In Somalia, the government’s capacity is severely deficient. The basic political regime has existed in name only, and the functional networks and management systems with coherent and clear divisions of responsibility and functional connections between the top and bottom political levels are nonexistent. 

Under a situation of “having tribe societies without a central government,” thousands of civilians suffer from feelings of helplessness and get into difficult situations. The dissolution of state unity and the loss of governmental management capacity has resulted in huge disasters. 

Although Somalia presently has enormous human capital and a large and growing young population, the population bonus is far from being fully utilized, because there is no organized and coherent system to mobilize this large population into the large force needed for the construction of the country.

Somalia Should Implement Governance for Development Purposes.

Many countries have not always been able to understand the essence of politics from the economic perspective over the past several decades and thus have not transferred the focus of national work to economic construction. 

Some countries have ignored the fundamental goal of economic development over a long period and became deeply entangled in meaningless political strife. Poverty and backwardness are sources of political unrest, conflict, and even terrorism.

 If a government is not concentrating on economic development, trying to improve livelihoods, and maintaining a stable and effective state system, it will not be able to accomplish meaningful goals, and it will be brought down sooner or later.

Over the years, Western countries have advanced political reform in Somalia. Today’s economic construction and social development must be prioritized. Somalia needs to implement political reform. But, the starting point should be ways to enhance Somalia’s economic development and improve living standards. 

Then it will be possible to put in place political reforms through the advancement of economic capacity, rather than mechanically copying Western political systems. Similarly, today’s Somalia needs to maintain stability in order to better promote economic development and livelihood improvement. 

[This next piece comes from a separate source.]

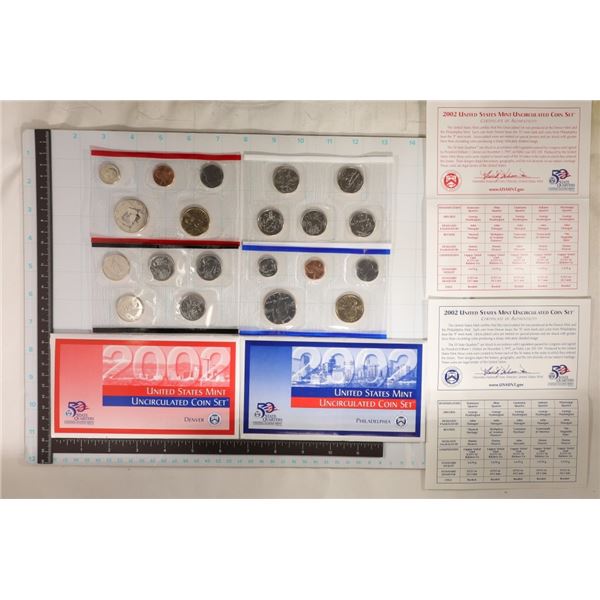 2002 US MINT SET (UNC) P/D (WITH ENVELOPES) AND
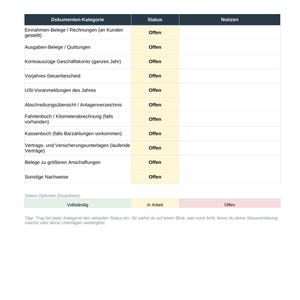Tax Checklist (Excel) | Receipt Organizer for Small Businesses and Freelancers | Prepare Your Tax Return | Instant Download image 3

If the eradication of terrorism and stability are achieved at the expense of economic development or do not contribute to the promotion of development, the stability eventually will not be maintained and the elimination of terrorism will prove difficult to achieve as well.

The Establishment of Long-term State Development objectives is more important.

Another big problem faced by Somalia is how to establish long-term economic stability and development strategies. Somalia should engage the domestic population in determined efforts to solve Somali issues through self-reliance and hard work, rather than relying on foreign assistance to get problems solved quickly.

Meanwhile, Somalia is back warded, but we should not expect to solve all problems in the short-term. Toward this end, the International Community should encourage the government and the people to have faith and determination to work hard and persevere toward the achievement of long-term objectives.

National ideas and national identity are the foundation supporting the survival, development, and stability of a state. Having a strong national identity means that the people living in a territory have a basic sense of belonging to their country and have recognition and respect for their country’s history, heritage, culture, and national interests from the bottom of their hearts, and they take a sense of responsibility for the rise and fall of the state.

However, the long-term political unrest and ethnic separation experienced in Somalia have often resulted in the lack of a powerful national identity and common core value system. This has made it difficult to construct a sense of national interest to maintain and mobilize the people. 

Given the weak sense of national identity, competitive political groups and adversarial ethnic parties have not been able to jointly formulate and persistently pursue national long-term strategies and development objectives. This is a structural and conceptual barrier that the government must overcome.